Tuesday, April 06, 2004

SPEEDING TICKETS

Public Safety or Hidden Taxes?

I wrote an entry last year about how police in Kissimmee were posing as homeless people to catch motorists running red lights. I'm convinced that moving violations are just a revenue source. Glenn Reynolds found a good article about how police extend a courtesy to law enforcement officers and their familes. They don't get tickets.

Police Benevolent Association president Jeff Frayler said Thursday it has been union policy to discourage Suffolk police officers from issuing tickets to fellow officers, regardless of where they work.

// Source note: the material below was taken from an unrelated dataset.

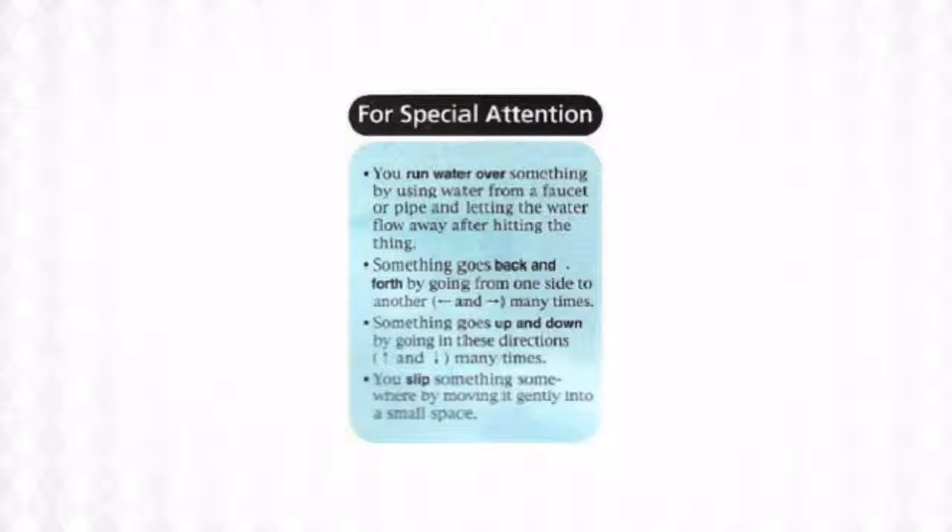Something goes up and down by going in these directions — up and down, many times. And lastly, you slip something somewhere by moving it gently into a small space.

"Police officers have discretion whenever they stop anyone, but they should particularly extend that courtesy in the case of other police officers and their families," Frayler said in a brief telephone interview Thursday. "It is a professional courtesy."

If it's a public safety issue then the courtesy isn't a courtesy. Right? Isn't the reason they pull us over to save us from ourselves and others? By entending the courtesy, they are making the roads more dangerous.

Of course, it's always been a revenue stream disguised as protection. Coming home from a baseball game a few weeks ago I was stopped in a speed zone doing 47 in a 35. My Dad happened to know this cop's training officer and he let me go with a lecture. I thought the name-dropping would mean a ticket for sure. In the movies, boy-scout type officers are always following the letter of the law.

In the real world, it's all about whom you know. Get in the know or be prepared to pay the speed tax that isn't deductible, by the way.